To the Editor:
This March once again affords the opportunity to celebrate Women’s History Month.
Thanks to the fortitude of the Montana-born Congresswoman Jeannette Rankin, women finally got represented in national politics in 1916. Jeannette was a woman’s suffragist and pacifist even before women got the right to vote. She never underestimated the violence of the war machine. Woodrow Wilson was elected as president in the same election as Jeannette.
Jeannette voted against both World War I and World War II. After Pearl Harbor with her brother, Wellington, as a family male support, Jeannette was the only dissenting vote against war. She said, “You can no more win a war than you can win an earthquake.”
Jeannette respected Gandhi, Ralph Nader, and worked for peace with a former Methodist minister, Frederick J. Libby. In 1971, Jeannette was awarded the first Susan B. Anthony Hall of Fame membership by the National Organization of Women.
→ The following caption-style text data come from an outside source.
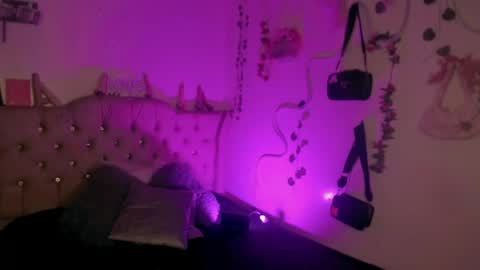 Snapshot of cata__mw chatting on 05.19.26 cata__mw online show from 05.19.26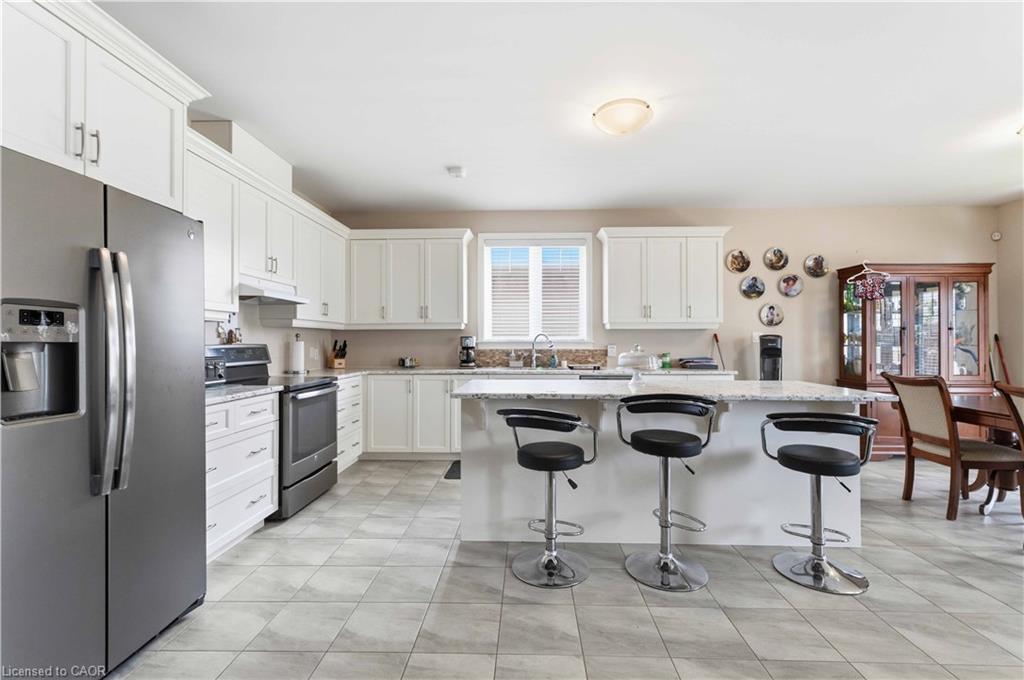 9 Efthemio Court Property Photo 10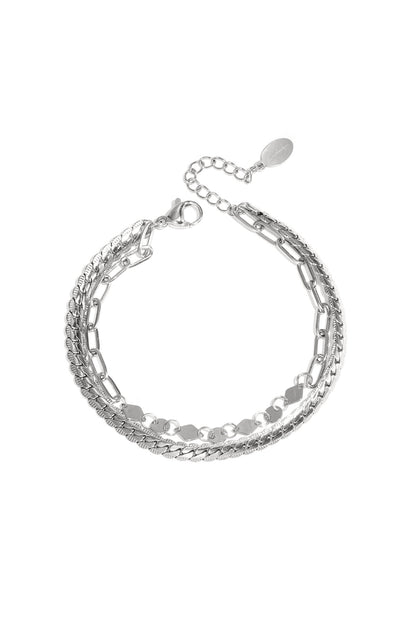 Stylish Chunky Bracelets for Women in Silver & Gold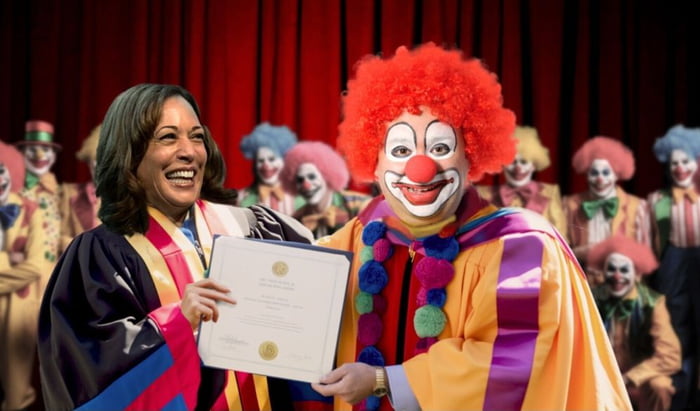 Vice President Kamala Harris Was Honored With An Honorary Degree From Americas Premier Clown 2474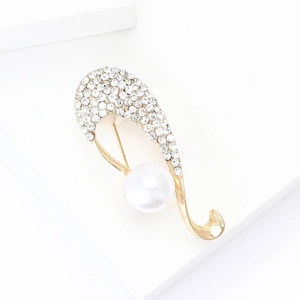 Spilla elegante in lega dorata con una grande perla e strass scintillanti su base bianca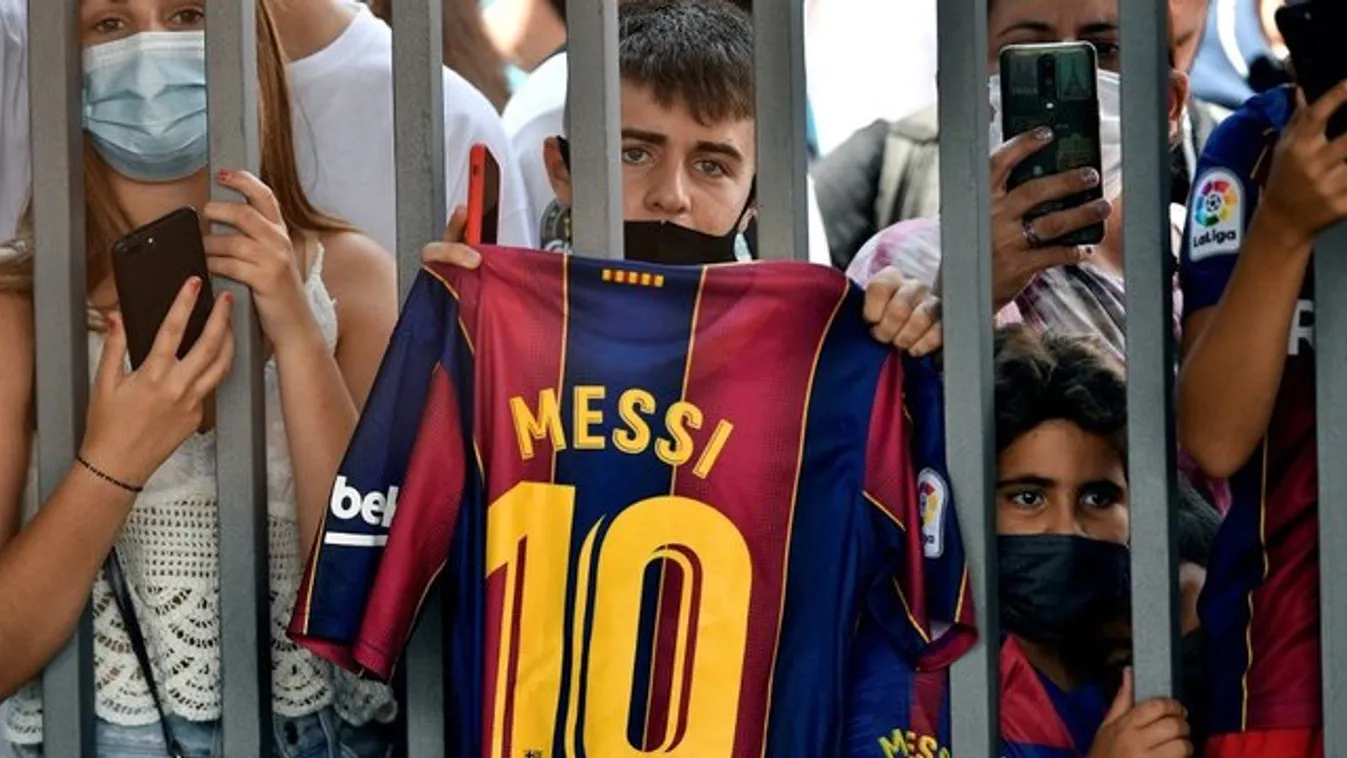 Zokogtak az utcán Messi miatt, ezrek búcsúztak könnyezve a legnagyobb kedvenctől - Fotók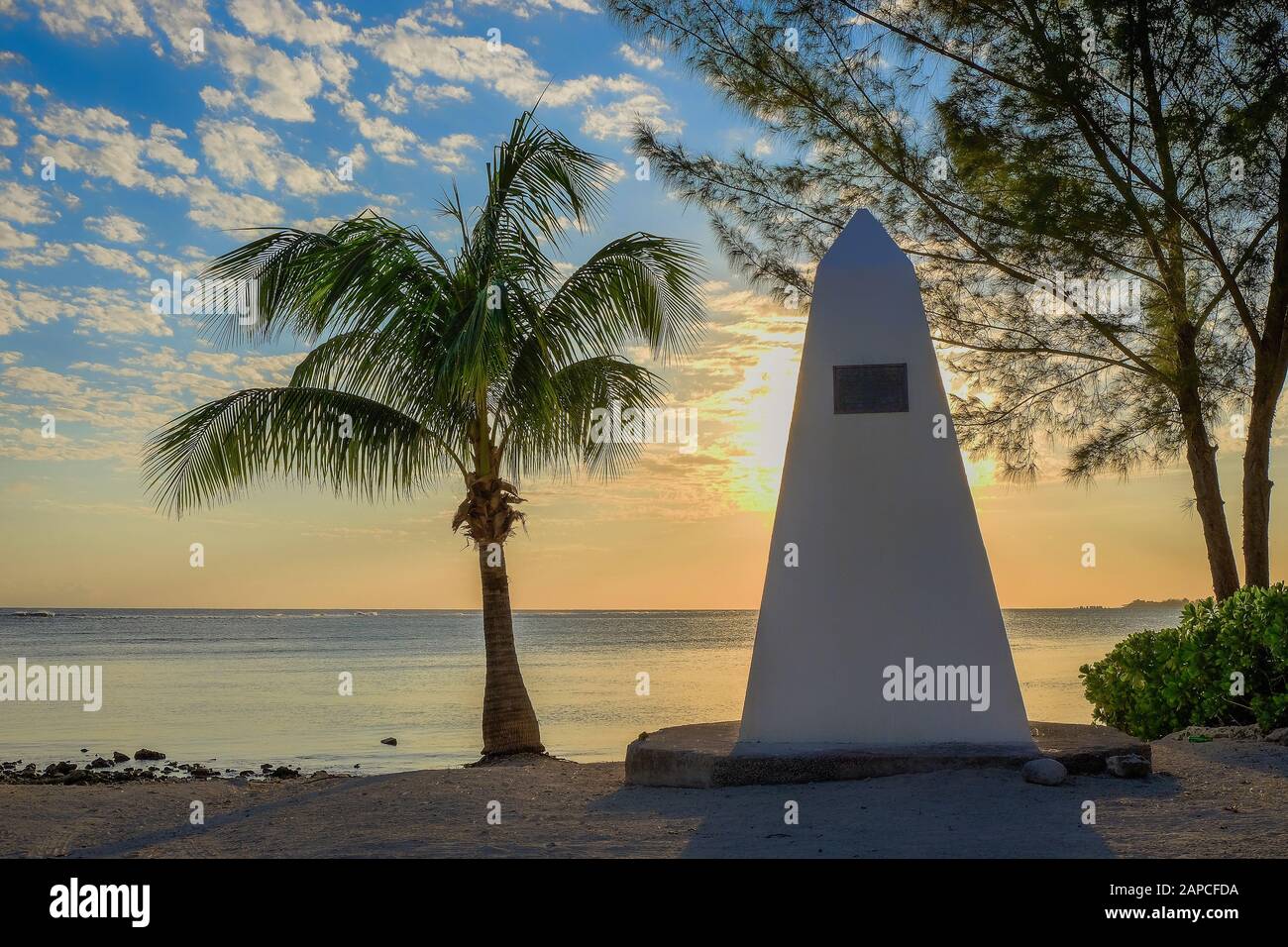 Grand Cayman, îles Caïmanes, janvier 2019, coucher de soleil sur la mer des Caraïbes vue depuis le fort Prospect Banque D'Images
Ralph Nader, the consumer advocate, said of Jeannette, “If aging is the erosion of one’s ideals, then Jeannette Rankin is young forever.”
Mrs. Martin Luther King spoke of Jeannette as an endurance symbol for peace. Ms. Rankin was plagued by charges from the American Legion that she was a communist. They felt that she was subversive. She was frequently in poverty. Jeannette died in her sleep in 1973 at the young age of 92.